McLuhan was all into this idea called distributionism, which [G.K.] Chesterton and [Hilaire} Belloc were writing about, and they got it from the Pope [Pius XI]. And it’s funny – Pope Francis has been using the same language.

Everybody wanted to the Catholic church to weigh in on Marxism vs. Catholicism and who’s right. And they basically said, “They’re both right – people should be able to get rich. But workers should own the means of production.” So they were really asking for what they thought King Henry VIII screwed up, at the beginning of the [Reformation].

They liked the idea of a community maintained commons, and thought companies should only grow as big as they needed to grow in order to accomplish their purpose – that growth for growth sake should not be allowed. So they were really espousing an almost anarcho-syndicalist idea on the economy.

It could look like small businesses owning their own printing presses and ovens – these cottage-industry things becoming popular in the digital age. And I’d argue, not just some coastal, creative-class thing but as a culture-wide, NASCAR, Martha Stewart, craft/knitting/farming… I think it’s much broader than Ithaca.

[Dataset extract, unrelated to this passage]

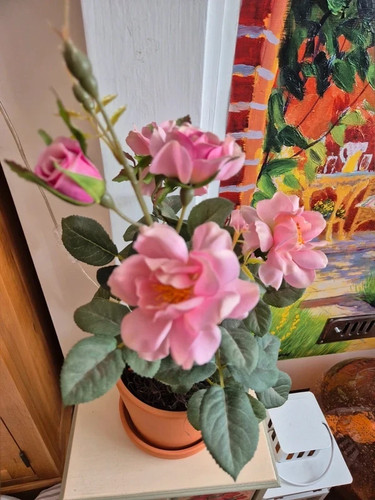 Pink artificial rose silk - pink,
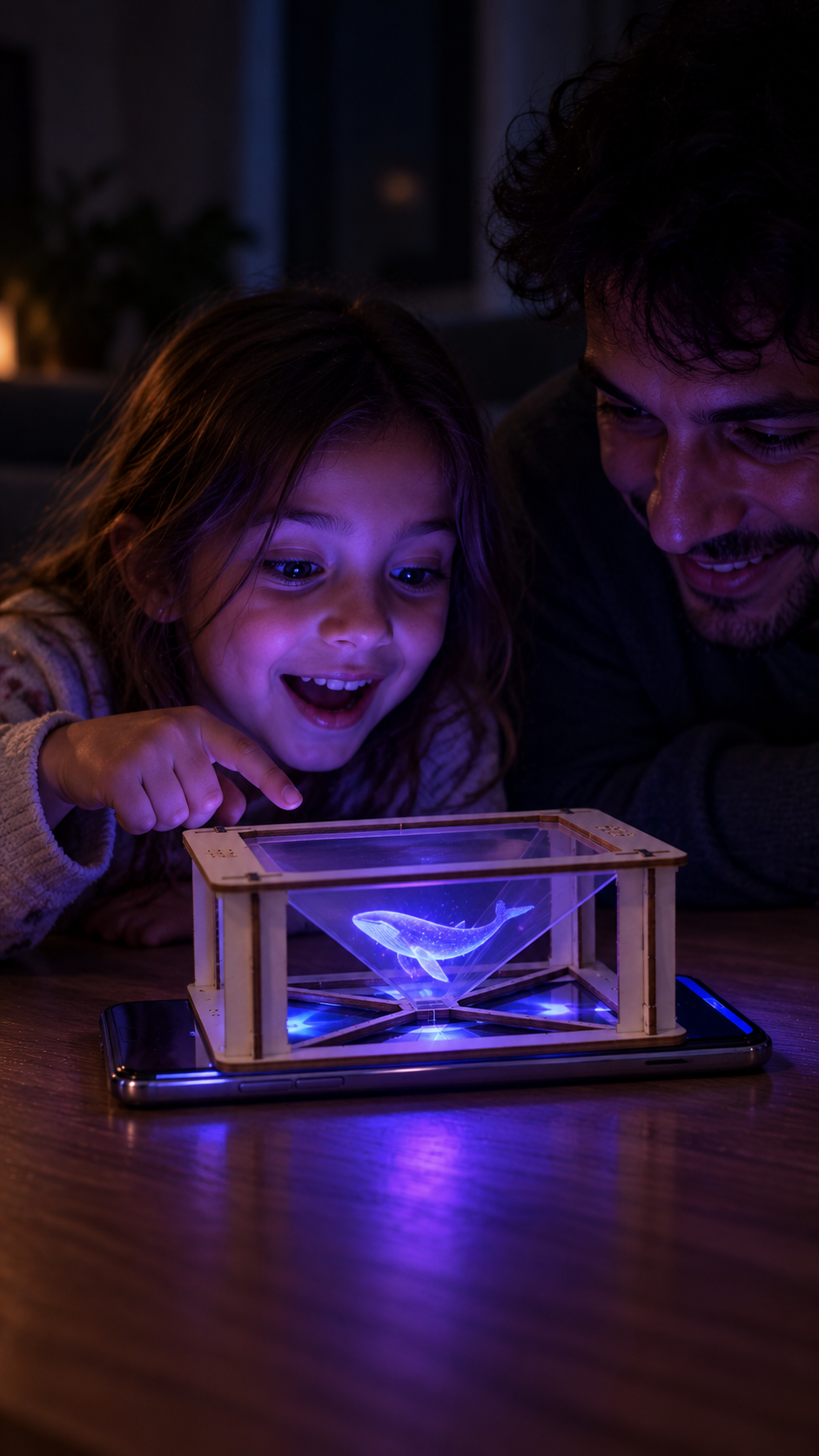Padre e hija maravillados con un holograma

Or, on the larger scale, it’s these companies that go out of business and then sell themselves to their workers. Or companies like WinCo, which is bringing down Wal-Mart out West by paying their workers more. And their advantage is they don’t have to pay shareholders. So they end up working so much more efficiently…. Instead of cutting our environmental standards, what if we just cut the investors out?

Has your point of view on digital technology changed?

I’ve always been profoundly optimistic on the possibilities of a digital-media environment. I’ve never been particularly enamored of the tools themselves. But the states of mind, and the possibilities that these kinds of technologies inspire in us… A network of agriculture farms, of people making things in their homes, is to me digitally inspired.

I’m not a digital solutionist. I don’t think we need Bitcoin. But I think Bitcoin helps people see the artificial centrality of the authorities we currently use to conduct our negotiations.

At the very beginning, in [his book] “Cyberia,” I said, I feel like The Internet is more like training wheels, giving us examples of how human beings can operate with each other. More than it is the tool that’s going to take care of it for us.

And that’s where we are now…?

Yeah – but if anything, so far, I’d say that digital technology has not led to a more distributed economic reality.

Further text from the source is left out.